O que o Antro tira com as duas mãos, dá com um dedo do pé.
Anos e anos de esmagamento psicológico, de humilhação, de rastejar para conseguir sobreviver, e de repente aparece uma benção caída do tecto do Antro aos trambolhões. Não se percebe como acontece, sabe-se que cai por ali, do tecto para o colo do pobre coitado, humilhado, esmagado, espezinhado durante anos, que não tem bem a certeza de ter merecido a oferenda. Noutras batalhas, travadas outrora, em que o que estava em jogo era bem mais valioso, o Antro cuspiu-lhe na cara, mandou-o passear, mandou-o procurar vida em outro sitio que não aquele. E de repente, é como se a Pocilga, o Antro, a Choça, se tivesse arrependido do que antes fizera e agora quisesse compensar pelos incómodos causados.
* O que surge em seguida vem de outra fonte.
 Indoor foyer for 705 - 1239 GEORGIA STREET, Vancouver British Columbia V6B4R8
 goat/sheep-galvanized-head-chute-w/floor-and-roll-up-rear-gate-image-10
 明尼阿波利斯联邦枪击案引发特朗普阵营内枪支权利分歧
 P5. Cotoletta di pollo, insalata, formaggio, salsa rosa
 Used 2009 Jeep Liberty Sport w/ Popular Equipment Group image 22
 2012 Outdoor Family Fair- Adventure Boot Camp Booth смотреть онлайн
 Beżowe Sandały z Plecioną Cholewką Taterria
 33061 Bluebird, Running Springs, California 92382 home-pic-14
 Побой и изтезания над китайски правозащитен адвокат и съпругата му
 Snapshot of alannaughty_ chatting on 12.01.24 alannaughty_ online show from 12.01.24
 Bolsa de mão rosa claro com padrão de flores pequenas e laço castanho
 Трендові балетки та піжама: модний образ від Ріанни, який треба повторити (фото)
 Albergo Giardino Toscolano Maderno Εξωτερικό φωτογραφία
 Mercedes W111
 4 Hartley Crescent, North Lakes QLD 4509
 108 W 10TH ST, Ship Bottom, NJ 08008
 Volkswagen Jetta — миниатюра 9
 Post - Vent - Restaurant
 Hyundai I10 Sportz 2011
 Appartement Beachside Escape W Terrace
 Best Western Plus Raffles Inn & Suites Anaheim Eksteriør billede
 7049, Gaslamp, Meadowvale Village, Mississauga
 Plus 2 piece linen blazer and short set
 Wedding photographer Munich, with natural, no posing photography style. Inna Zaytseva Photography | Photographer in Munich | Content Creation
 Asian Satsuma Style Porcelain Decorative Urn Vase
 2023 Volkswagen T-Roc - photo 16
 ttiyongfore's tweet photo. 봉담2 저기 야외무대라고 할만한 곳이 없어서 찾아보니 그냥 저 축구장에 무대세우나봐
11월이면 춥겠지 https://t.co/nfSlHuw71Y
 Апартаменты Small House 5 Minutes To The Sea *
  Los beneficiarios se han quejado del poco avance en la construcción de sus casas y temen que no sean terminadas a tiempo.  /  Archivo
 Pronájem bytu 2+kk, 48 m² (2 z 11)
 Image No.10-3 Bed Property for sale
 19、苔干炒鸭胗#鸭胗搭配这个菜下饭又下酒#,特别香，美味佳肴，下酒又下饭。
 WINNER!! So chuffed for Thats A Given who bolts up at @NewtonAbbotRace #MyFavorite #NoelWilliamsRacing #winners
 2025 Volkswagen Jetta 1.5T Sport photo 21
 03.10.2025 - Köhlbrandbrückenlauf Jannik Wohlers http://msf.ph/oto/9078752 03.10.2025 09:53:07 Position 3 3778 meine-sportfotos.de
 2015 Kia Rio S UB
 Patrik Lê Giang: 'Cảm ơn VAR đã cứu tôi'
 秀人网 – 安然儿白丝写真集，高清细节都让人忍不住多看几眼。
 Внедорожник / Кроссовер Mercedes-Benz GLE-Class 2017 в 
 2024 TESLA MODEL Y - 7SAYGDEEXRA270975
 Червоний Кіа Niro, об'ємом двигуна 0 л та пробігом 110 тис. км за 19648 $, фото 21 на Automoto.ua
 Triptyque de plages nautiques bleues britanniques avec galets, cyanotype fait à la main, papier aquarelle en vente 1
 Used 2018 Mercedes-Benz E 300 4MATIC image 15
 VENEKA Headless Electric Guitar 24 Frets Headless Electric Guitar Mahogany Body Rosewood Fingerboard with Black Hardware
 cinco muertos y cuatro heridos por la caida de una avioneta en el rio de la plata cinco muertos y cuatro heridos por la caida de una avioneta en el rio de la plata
Como é possível, como é possível o Antro de meros e reles mortais se apiedar? Será que pressente que está a chegar o tempo de fazer as malas e partir, sendo esta a forma de dizer adeus e pedir desculpa por qualquer coisinha?
Não, não é possível ; tem que haver algum senão para esta bela.
Porque aquilo que o Antro tira com as duas mãos, devolve com um dedo do pé.